Il y a 60 ans, le Traité de Rome fondait la Communauté Economique Européenne. Le 23 mars dernier dans le cadre de l’anniversaire du traité, la capitale italienne accueillait notamment le Digital Day. Ministres européens et industriels se sont réunis autour d’une table pour mettre en place de nouveaux programmes, dont un notamment sur la mobilité autonome et connectée.
La volonté d’être leader
Le Digital Day annonce ainsi le début d’une collaboration entre les états membres et industries tant automobiles que des télécommunications. Et cela à travers des expériences qui permettront de tester à grande échelle les problématiques de sécurité, de qualité et protection de la donnée, mais aussi de vérifier le bon passage d’un réseau à un autre en traversant la frontière. Il est en effet inenvisageable qu’un véhicule totalement autonome une fois la frontière passée soit inutilisable, d’autant plus dans l’Union Européenne dont l’un des piliers est la liberté de mouvement. Ces tests sont aussi bien destinés aux véhicules particuliers qu’aux poids lourds.
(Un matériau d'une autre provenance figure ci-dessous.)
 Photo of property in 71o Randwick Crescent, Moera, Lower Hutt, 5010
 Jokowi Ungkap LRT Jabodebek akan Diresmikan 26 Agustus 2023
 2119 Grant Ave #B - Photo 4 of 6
Il s’agira désormais pour les Etats membres d’identifier des zones, des itinéraires ou encore des couloirs d’expérimentations qui soient transfrontaliers afin d’y conduire des tests. La Commission aura quant à elle pour but d’identifier et de répertorier les initiatives déjà existantes et à venir.
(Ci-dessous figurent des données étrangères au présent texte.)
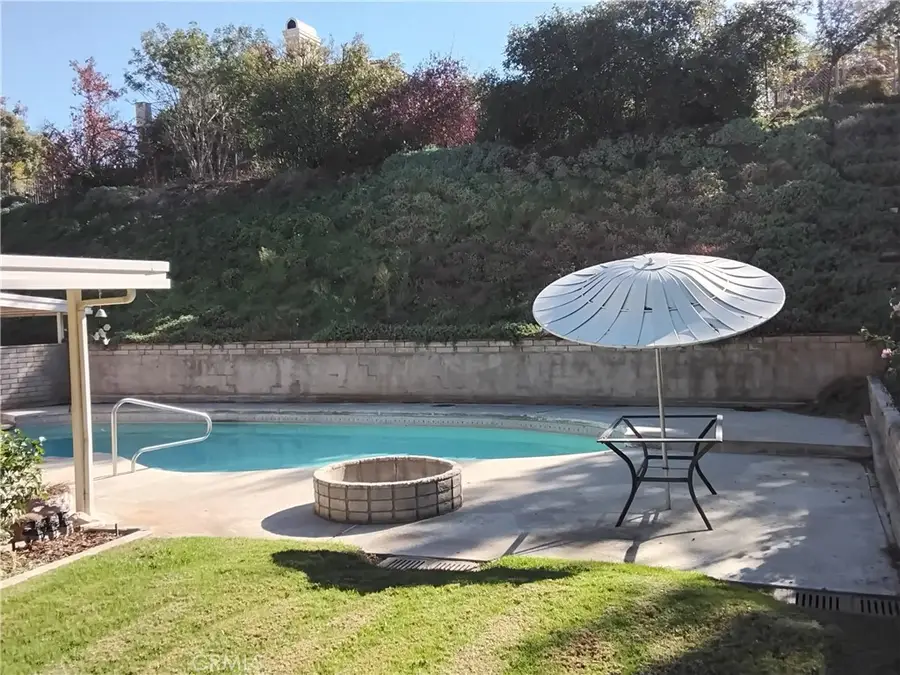 980 Country Club, Riverside, CA 92506 - Image #2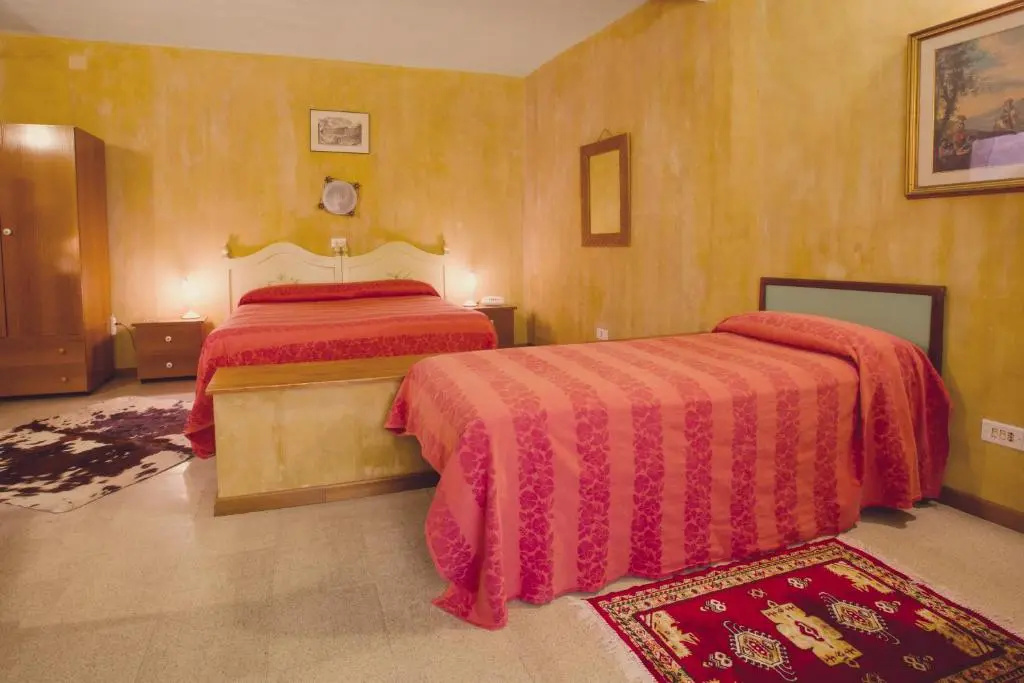 Standard Triple room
Günther Oettinger, Commissaire européen aux Ressources Humaines et au Budget, est intervenu pour rappeler les grandes ambitions du projet juste avant la signature de la Lettre d’Intention.
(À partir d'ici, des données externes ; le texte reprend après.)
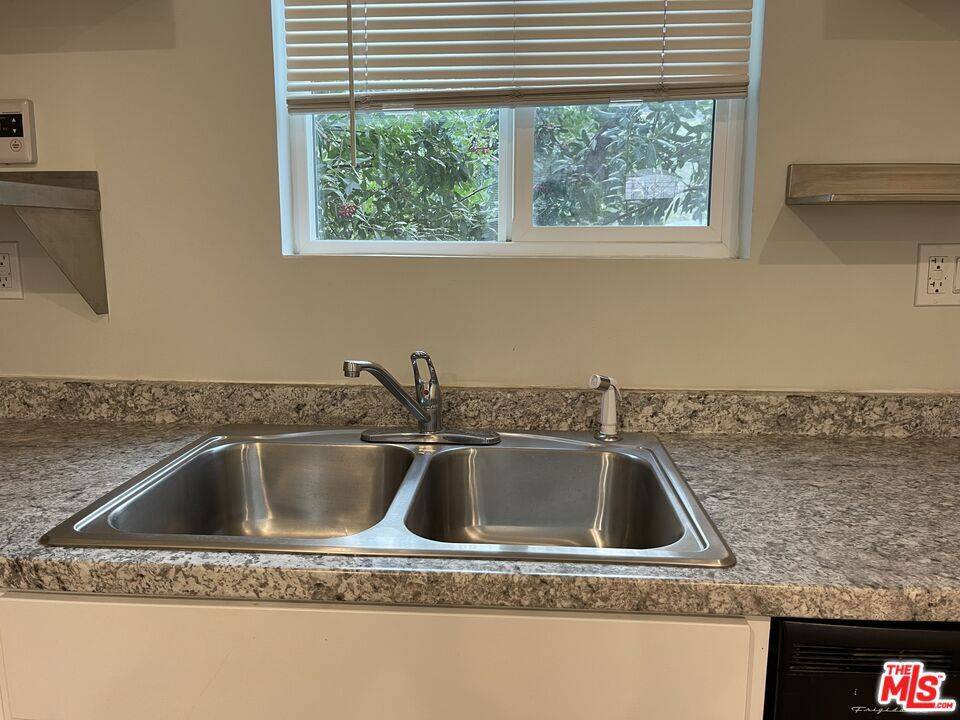 La Crescenta, CA 91214,6204 1/2 Mayfield AVE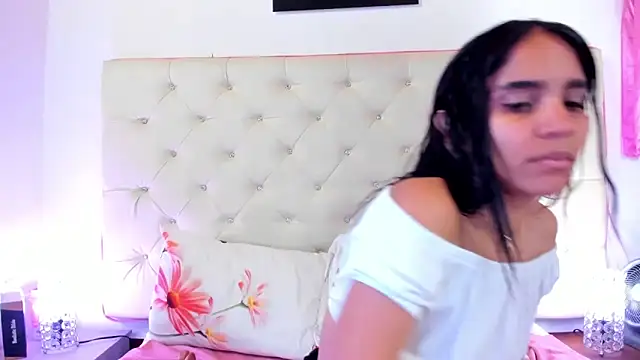 sophie pariss online show from February 12, 2025, 6:19 am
La première ambition est d’harmoniser et d’optimiser les pratiques dans le domaine des véhicules autonomes sur le marché européen qui compte tout de même 500 millions de consommateurs. Un challenge et une véritable opportunité de développement pour les industries automobiles et des télécommunications vu le poids démographique que cela représente. La seconde ambition est que l’Union Européenne devienne un leader du véhicule autonome. Il souligne ainsi que des entreprises comme Peugeot, Renault, Mercedes, ont tout intérêt à soutenir ce partenariat public-privé. En effet alors qu’aujourd’hui Google, Apple, Tesla ou encore Uber sont investis sur le marché de l’automobile autonome, les entreprises historiques sont dans l’éventualité de passer du rôle d’acteurs principaux à celui de simples fournisseurs.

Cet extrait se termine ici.